II. Statistic: YOUNG ADULTS – Breast implants. Ages 19-34. 166,000 a year. (ASAPS)
Dr D: “Beauty standards” are important motivators here as well. Young adults in the workplace (and social groups) see those around them doing these things and often being complimented. Some of these patients may also be seeking after childbirth “body repair.”
III. Statistic: EARLY MIDDLE AGE – Liposuction. Ages 35-50. 143,000 a year. (ASAPS)
Dr D: A slowing metabolism in this age group combined with more involved work schedules (with increased sedentary time) equals increased trouble “holding back the fat.” Liposuction is easy and can help with that. Add some post-pregnancy issues here as well.
IV. Statistic: YOUNG ADULTS – Botox. Ages 19-34. 371,000 a year. (ASAPS)
Dr D: The fad of Botox use in the really young is an advertising phenomenon as there is no good reason for young people to do this other than to “feel” hip.
My opinions of course.
John Di Saia MD
Originally posted 2011-07-04 07:30:33.
A surgeon I’m thinking about seeing said on his site that breast implants were able to be done under local + intravenous anesthetic (like twilight). Can this really be done? I always thought it was too invasive for just twilight, especially if it is under the muscle. Is there an advantage to using twilight? After looking it up there are lots of differing opinions out there but I think that this may just be a way for the surgeon to cut costs.

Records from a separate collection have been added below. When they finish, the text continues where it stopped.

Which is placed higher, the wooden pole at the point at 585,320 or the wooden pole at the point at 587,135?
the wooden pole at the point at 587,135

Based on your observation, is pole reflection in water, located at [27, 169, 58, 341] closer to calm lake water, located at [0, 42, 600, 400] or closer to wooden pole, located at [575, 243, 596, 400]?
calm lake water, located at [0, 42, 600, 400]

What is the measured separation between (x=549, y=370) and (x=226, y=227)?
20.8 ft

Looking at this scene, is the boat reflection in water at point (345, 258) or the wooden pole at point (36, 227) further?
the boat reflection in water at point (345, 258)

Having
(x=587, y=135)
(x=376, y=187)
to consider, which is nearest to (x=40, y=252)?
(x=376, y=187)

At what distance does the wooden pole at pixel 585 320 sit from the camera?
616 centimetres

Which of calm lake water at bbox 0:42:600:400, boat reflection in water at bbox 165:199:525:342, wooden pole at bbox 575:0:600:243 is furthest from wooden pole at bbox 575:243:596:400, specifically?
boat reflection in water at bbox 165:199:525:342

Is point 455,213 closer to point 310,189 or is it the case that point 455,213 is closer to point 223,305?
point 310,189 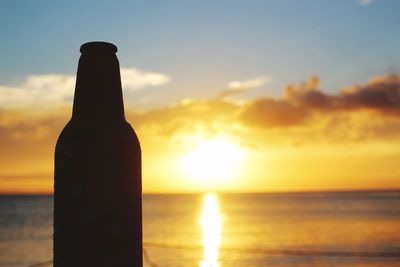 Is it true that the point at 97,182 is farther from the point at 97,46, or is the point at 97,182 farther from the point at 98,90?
the point at 97,46

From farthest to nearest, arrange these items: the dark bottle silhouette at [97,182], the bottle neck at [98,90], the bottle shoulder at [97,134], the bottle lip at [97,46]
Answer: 1. the bottle lip at [97,46]
2. the bottle neck at [98,90]
3. the bottle shoulder at [97,134]
4. the dark bottle silhouette at [97,182]

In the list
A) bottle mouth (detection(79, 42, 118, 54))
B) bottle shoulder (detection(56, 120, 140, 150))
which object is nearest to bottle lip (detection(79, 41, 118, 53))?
bottle mouth (detection(79, 42, 118, 54))

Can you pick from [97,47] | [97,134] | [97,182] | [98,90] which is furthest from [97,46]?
[97,182]

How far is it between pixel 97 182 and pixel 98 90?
2.56 ft

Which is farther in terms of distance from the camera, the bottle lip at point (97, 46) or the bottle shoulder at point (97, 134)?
the bottle lip at point (97, 46)

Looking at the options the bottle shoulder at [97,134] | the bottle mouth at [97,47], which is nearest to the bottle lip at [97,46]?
the bottle mouth at [97,47]

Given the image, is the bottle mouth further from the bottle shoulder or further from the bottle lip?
the bottle shoulder

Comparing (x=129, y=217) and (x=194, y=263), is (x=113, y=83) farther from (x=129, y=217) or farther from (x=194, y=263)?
(x=194, y=263)

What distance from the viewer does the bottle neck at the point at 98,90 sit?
4.21 meters

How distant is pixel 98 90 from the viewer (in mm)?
4258

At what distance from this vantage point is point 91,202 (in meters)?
3.92

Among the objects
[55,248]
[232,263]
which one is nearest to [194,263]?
[232,263]

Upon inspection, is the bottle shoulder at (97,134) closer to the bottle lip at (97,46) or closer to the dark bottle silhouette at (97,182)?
the dark bottle silhouette at (97,182)

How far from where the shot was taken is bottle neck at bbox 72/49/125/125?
13.8ft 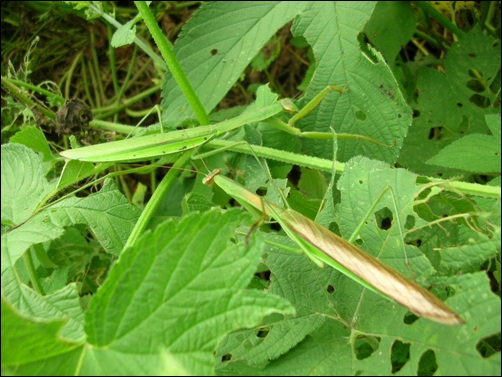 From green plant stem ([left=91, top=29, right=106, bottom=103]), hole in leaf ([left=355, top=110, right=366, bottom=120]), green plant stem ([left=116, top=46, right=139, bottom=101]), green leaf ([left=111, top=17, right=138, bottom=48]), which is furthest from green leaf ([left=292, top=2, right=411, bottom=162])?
green plant stem ([left=91, top=29, right=106, bottom=103])

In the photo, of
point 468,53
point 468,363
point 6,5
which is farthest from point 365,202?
point 6,5

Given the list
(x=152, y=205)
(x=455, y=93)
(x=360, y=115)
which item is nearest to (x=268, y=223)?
(x=152, y=205)

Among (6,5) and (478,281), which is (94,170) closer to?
(478,281)

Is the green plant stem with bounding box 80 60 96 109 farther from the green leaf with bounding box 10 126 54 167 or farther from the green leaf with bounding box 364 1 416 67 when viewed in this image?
the green leaf with bounding box 364 1 416 67

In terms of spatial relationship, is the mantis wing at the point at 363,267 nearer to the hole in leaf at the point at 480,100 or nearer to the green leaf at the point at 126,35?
the green leaf at the point at 126,35

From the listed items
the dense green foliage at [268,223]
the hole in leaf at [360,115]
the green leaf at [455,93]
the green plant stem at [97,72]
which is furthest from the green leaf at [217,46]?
the green plant stem at [97,72]

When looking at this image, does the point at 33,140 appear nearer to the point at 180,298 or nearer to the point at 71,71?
the point at 180,298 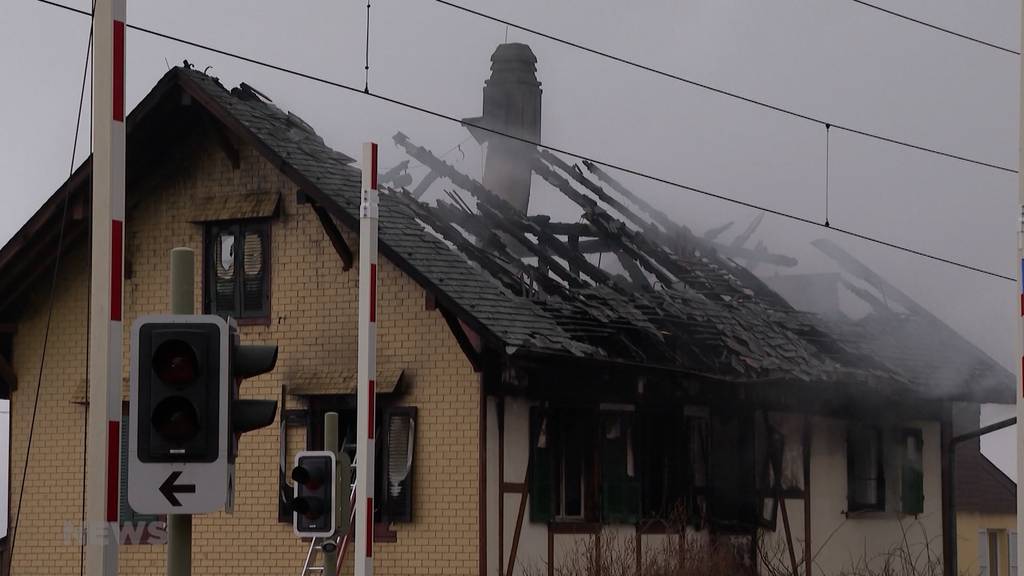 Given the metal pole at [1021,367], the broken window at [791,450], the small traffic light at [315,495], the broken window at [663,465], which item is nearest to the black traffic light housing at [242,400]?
the metal pole at [1021,367]

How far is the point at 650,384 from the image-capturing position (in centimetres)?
2216

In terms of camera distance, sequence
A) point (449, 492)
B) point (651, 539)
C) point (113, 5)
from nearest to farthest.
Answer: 1. point (113, 5)
2. point (449, 492)
3. point (651, 539)

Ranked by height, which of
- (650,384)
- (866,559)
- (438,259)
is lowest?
(866,559)

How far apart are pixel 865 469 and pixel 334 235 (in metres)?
9.43

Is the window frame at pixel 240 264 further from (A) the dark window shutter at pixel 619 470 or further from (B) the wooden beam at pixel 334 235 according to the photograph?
(A) the dark window shutter at pixel 619 470

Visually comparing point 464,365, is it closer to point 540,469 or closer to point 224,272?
point 540,469

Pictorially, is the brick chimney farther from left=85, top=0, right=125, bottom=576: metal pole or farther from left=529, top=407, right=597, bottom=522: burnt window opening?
left=85, top=0, right=125, bottom=576: metal pole

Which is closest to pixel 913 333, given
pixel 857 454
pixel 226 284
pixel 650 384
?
pixel 857 454

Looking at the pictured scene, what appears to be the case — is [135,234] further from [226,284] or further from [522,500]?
[522,500]

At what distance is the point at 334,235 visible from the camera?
2123 cm

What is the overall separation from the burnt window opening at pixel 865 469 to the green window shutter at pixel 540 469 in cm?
634

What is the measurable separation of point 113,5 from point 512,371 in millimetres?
13569

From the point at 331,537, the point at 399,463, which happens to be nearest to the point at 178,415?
the point at 331,537

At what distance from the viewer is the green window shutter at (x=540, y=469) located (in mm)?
20703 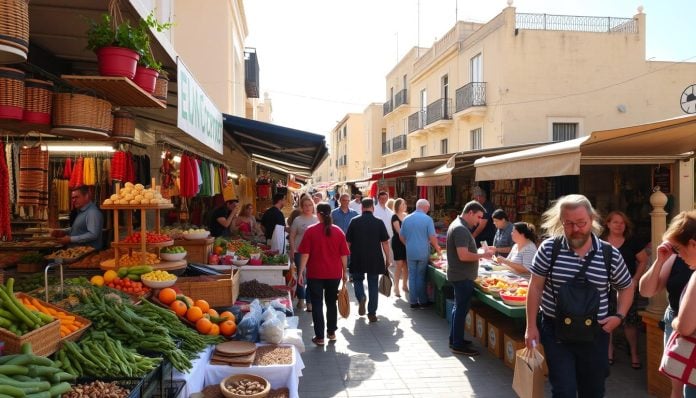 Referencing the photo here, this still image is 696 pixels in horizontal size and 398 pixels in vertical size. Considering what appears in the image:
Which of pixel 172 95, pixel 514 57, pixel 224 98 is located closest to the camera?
pixel 172 95

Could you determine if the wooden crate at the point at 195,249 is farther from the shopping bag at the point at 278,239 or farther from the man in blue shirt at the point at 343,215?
the man in blue shirt at the point at 343,215

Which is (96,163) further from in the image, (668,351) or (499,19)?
(499,19)

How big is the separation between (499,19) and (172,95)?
601 inches

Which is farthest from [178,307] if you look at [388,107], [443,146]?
[388,107]

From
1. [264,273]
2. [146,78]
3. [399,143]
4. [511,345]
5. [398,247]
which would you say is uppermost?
[399,143]

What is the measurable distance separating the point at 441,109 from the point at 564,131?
598cm

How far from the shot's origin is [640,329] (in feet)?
22.2

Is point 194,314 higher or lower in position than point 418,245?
lower

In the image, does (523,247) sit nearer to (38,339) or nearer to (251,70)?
(38,339)

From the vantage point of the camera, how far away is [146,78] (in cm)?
385

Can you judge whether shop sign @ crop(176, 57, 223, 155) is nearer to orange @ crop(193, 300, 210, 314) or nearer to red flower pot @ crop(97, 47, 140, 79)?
red flower pot @ crop(97, 47, 140, 79)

What is the cosmetic surgery truth here, Dr. D?
I am not a fan of local or twilight sleep for breast implant surgery except in rare cases (simple redos and such.) The reasons are patient comfort and practicality. I place most of my breast implants under the pectoral muscles and these muscles need to be relaxed for this to work out. That relaxation is suboptimal under less than a general anesthetic.

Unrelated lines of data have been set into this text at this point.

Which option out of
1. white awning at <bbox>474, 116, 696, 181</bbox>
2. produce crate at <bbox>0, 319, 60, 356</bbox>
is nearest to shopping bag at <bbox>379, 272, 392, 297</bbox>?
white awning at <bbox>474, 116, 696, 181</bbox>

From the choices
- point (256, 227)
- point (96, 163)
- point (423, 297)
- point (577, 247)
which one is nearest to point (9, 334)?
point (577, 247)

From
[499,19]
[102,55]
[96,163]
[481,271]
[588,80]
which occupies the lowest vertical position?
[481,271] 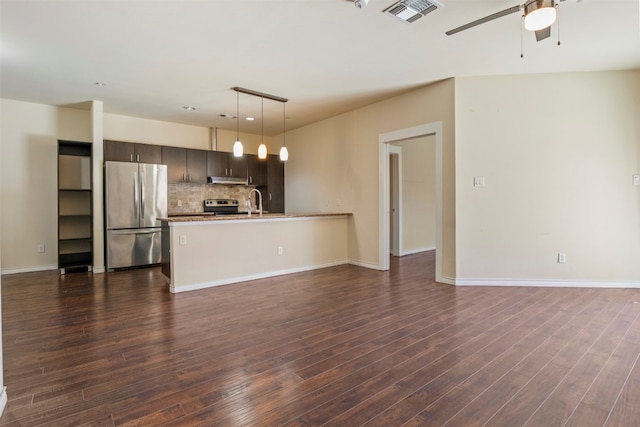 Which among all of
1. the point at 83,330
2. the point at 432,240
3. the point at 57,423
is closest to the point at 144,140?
the point at 83,330

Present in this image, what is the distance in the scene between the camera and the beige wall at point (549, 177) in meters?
4.11

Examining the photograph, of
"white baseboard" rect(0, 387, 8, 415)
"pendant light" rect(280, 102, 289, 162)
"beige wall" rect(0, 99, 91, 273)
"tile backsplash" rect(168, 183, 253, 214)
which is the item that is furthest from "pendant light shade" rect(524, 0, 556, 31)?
"beige wall" rect(0, 99, 91, 273)

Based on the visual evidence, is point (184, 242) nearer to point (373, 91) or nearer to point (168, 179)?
point (168, 179)

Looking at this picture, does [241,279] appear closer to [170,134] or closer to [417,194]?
[170,134]

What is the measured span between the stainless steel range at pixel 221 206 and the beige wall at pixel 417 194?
3809mm

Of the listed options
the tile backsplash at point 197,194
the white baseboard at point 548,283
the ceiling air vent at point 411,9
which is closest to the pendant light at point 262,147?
the tile backsplash at point 197,194

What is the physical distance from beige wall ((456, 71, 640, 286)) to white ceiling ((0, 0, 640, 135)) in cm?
33

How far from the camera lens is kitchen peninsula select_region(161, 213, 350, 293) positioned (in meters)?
4.14

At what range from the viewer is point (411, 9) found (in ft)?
8.86

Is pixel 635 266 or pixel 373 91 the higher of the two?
pixel 373 91

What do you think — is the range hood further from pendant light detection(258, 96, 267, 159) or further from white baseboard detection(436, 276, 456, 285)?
white baseboard detection(436, 276, 456, 285)

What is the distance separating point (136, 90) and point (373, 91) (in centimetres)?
349

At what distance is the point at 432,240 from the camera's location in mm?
7680

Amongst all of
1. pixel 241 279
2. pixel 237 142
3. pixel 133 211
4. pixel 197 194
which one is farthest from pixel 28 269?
pixel 237 142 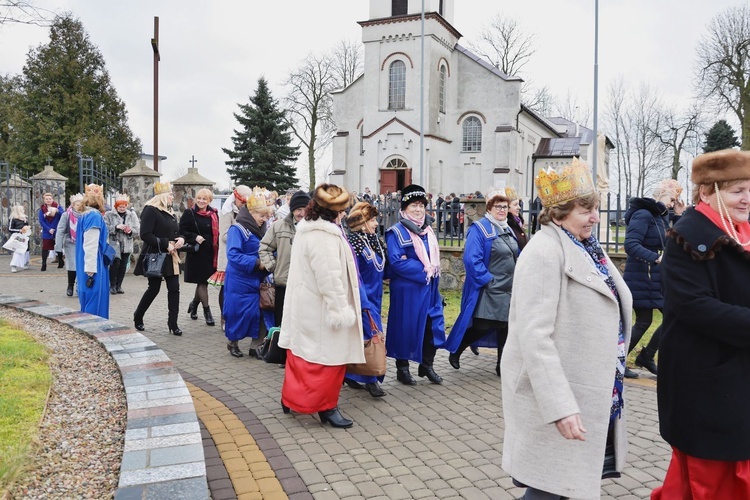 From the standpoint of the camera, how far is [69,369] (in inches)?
220

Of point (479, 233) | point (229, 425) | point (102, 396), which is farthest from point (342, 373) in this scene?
point (479, 233)

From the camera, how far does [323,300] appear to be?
5.14 meters

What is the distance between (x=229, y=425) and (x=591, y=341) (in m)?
3.39

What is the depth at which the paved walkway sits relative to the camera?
163 inches

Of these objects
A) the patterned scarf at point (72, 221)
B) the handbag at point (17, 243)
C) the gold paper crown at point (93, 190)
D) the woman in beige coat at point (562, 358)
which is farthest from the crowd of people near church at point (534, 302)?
the handbag at point (17, 243)

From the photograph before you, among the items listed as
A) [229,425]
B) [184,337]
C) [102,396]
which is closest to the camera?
[102,396]

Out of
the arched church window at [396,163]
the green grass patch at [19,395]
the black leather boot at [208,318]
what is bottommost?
the black leather boot at [208,318]

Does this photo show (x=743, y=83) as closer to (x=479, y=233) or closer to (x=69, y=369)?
(x=479, y=233)

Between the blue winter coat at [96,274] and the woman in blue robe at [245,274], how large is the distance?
1.89 meters

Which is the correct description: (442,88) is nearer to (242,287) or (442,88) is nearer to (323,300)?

An interesting aside to the argument of sedation versus general anesthesia is the fact that under less than a general patients often need more medication to maintain them in a narrow range of alertness. This translates to more drugs for twilight sleep which is contrary to the reason many of these patients wanted less than a general anesthetic in the first place.
John Di Saia MD
Originally posted 2010-12-09 07:30:25.
I’m just wondering what your thoughts are on this. I am 5 months po from a FTT, MR (full tummy tuck with muscle repair). I have been working out and still eating healthy as I did b4 surgery, BUT my hips and butt seem to expanding. I’ve been going for lymph drain massages for my tummy and while it is helping that, I can’t help but wonder if it’s pushing fluid to other places. Not only can I not get back into my preop size 8 jeans, but I couldn’t even squeeze into a 12! I’m frustrated because I keep hearing different theories on this.

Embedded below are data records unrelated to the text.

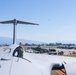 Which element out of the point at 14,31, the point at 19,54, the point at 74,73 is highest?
the point at 14,31

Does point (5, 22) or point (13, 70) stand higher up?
point (5, 22)

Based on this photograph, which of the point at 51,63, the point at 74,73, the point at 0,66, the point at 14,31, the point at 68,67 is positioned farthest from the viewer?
the point at 14,31

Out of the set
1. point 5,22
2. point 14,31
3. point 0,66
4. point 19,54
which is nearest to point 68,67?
point 19,54

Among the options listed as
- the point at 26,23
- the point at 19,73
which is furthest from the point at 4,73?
the point at 26,23

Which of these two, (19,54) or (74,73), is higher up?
(19,54)

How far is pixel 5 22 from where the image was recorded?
24656 millimetres

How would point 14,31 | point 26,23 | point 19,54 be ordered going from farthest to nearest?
point 26,23 → point 14,31 → point 19,54

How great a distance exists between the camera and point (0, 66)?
6934mm

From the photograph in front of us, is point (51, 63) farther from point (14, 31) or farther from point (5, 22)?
point (5, 22)

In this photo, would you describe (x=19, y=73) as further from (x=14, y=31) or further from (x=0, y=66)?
(x=14, y=31)

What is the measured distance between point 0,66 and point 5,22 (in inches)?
718

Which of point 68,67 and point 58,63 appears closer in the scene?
point 68,67

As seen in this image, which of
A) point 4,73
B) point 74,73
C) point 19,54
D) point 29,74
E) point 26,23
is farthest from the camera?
point 26,23

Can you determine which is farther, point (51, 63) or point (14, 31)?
point (14, 31) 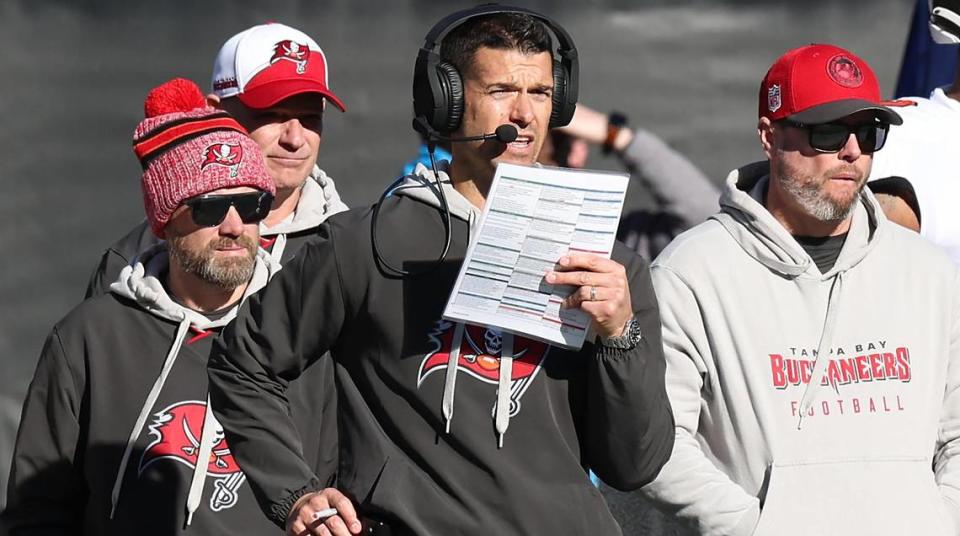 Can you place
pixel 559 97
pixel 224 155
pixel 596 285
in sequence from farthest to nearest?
pixel 224 155
pixel 559 97
pixel 596 285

Prior to surgery did your weight fluctuate much? Patients like this following abdominoplasty can gain this weight in new places. This can become a problem.
At this point swelling is usually coming down, although in large cases it may not be completely gone for 6-8 months. Did you have much liposuction with your tuck? Liposuction frequently makes swelling more pronounced for a longer period of time. Also if you smoke, try to stop it or limit it as it interferes with wound healing. Assuming you went to a good surgeon, give it time. It gets better.
John Di Saia MD
Originally posted 2005-09-18 17:44:00.